David Sivak’s comments:
On the level of a single biomolecule, the basic idea is that a given protein under given environmental conditions (temperature, pH, ionic concentrations, bound/unbound small molecules, conformation of protein binding partners, etc.) will have a particular equilibrium probability distribution over different conformations. Different protein sequences will have different equilibrium distributions for given environmental conditions. For example, an evolved protein sequence is more likely to adopt a folded globular structure at ambient temperature, as compare to a random polypeptide. If you look over the distribution of possible environmental conditions, different protein sequences will differ in the correlations between their conformational state and particular environmental variables, i.e., the information their conformational state stores about the particular environmental variables.
When the environmental conditions change, that equilibrium distribution changes, but the actual distribution of the protein shifts to the new equilibrium distribution gradually. In particular, the dynamics of interconversion between different protein conformations dictates how long it takes for particular correlations with past environmental variables to die out, i.e., for memory of particular aspects of the environment to persist. Thus the conformational preferences (as a function of environmental conditions) and the interconversion dynamics determine the memory of particular protein sequences for various aspects of their environmental history.

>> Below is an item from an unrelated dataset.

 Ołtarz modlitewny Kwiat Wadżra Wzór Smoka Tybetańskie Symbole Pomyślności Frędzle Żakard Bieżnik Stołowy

One complication is that this memory, this correlation with past environmental states, may be a subtle phenomenon, distributed over many detailed aspects of the protein conformation, rather than something relatively simple like the binding of a specific ion. So, we like to stress that the model is implicit. But it certainly is the case that an enzyme mutated at its active site could differ from the wild-type protein in its binding affinity for a metal ion, and could also have a different rate of ion dissociation. Since the presence or absence of this bound metal ion embodies a memory of past ion concentrations, the mutant and wild-type enzymes would differ in their memory.
For a molecular motor, there are lots of fluctuating quantities in the environment, but only some of these fluctuations will be predictive of things the motor needs for its function. An efficient motor should not, for example, retain memory of every water molecule that collides with it, even if it could, because that will provide negligible information of use in predicting future fluctuations of those quantities that are relevant for the motor's functioning.

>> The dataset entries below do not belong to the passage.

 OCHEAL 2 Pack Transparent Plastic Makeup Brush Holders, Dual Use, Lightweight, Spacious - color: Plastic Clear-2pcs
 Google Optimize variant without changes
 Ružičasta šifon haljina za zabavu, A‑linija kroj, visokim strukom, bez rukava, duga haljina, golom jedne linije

In vivo, the rotary F0F1-ATP synthase is driven by protonmotive flow across the mitochondrial membrane. The motor could retain conformational correlations with many aspects of its past history, but this analysis says that the motor will behave efficiently if it remembers molecular events predictive of when the next proton will flow down its channel, and loses memory of other molecular events irrelevant to its function. In order to efficiently couple that flow to the functional role of the motor, synthesizing ATP, the motor should retain information about the past that is predictive of such protonmotive flow, but lose any correlation with irrelevant molecular events, such as incidental collisions by water molecules.

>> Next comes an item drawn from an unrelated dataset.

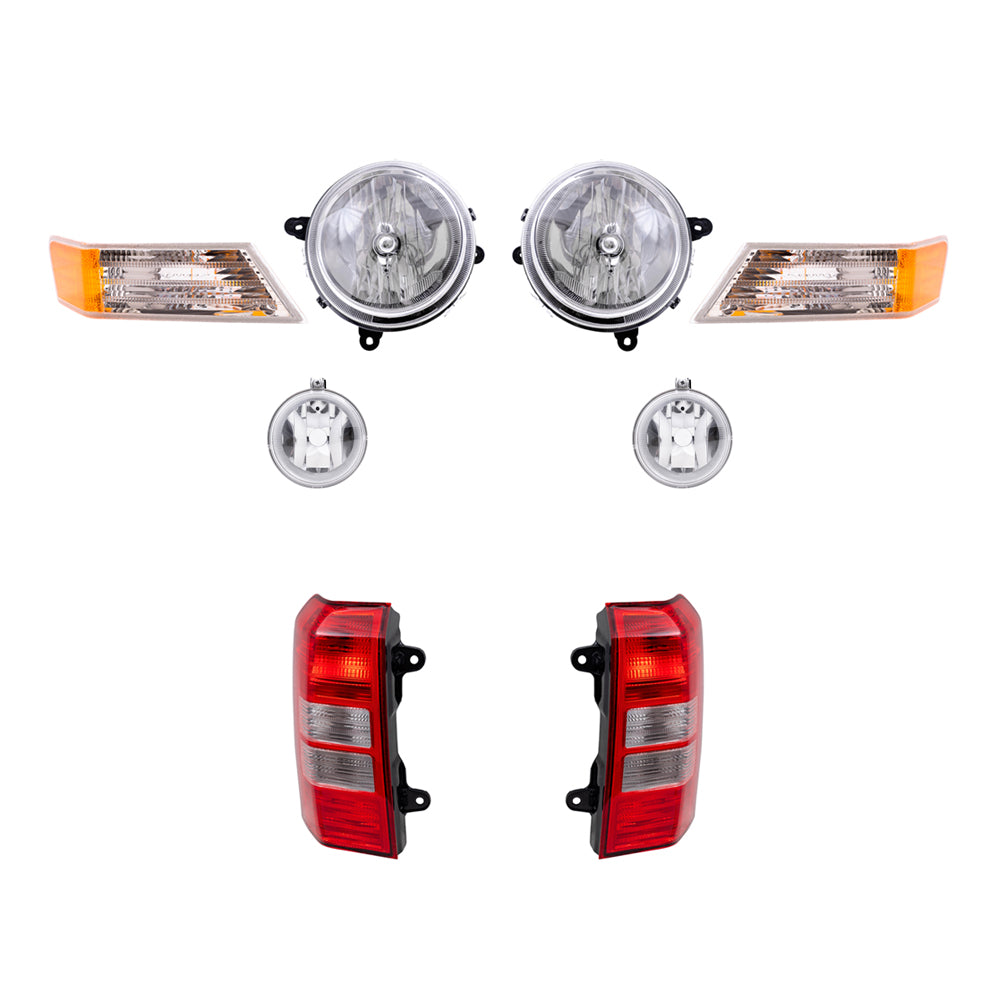 Brock Replacement Halogen Headlight Assemblies without Leveling, Park Signal Marker Lights, Fog Lights and Tail Light Assemblies 8 Piece Set Compatible with 2010 Patriot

But we are hesitant to commit to any particular example. We are all thinking about good concrete instantiations of these concepts for future extensions of this work. Right now, the danger of very specific examples like the F0F1 motor is that people who know much more about the particular system than we do might get bogged down in arguing the details, such as what exactly drives the motor, whether that driving involves conformational selection or induced fit, how concerted the mechanism is, etc., when the main point is that this framework applies regardless of the exact manner in which the system and environment are instantiated. Not to mention the fact that some subtle solvent rearrangements at the mouth of the channel may in fact be very predictive of future proton flow.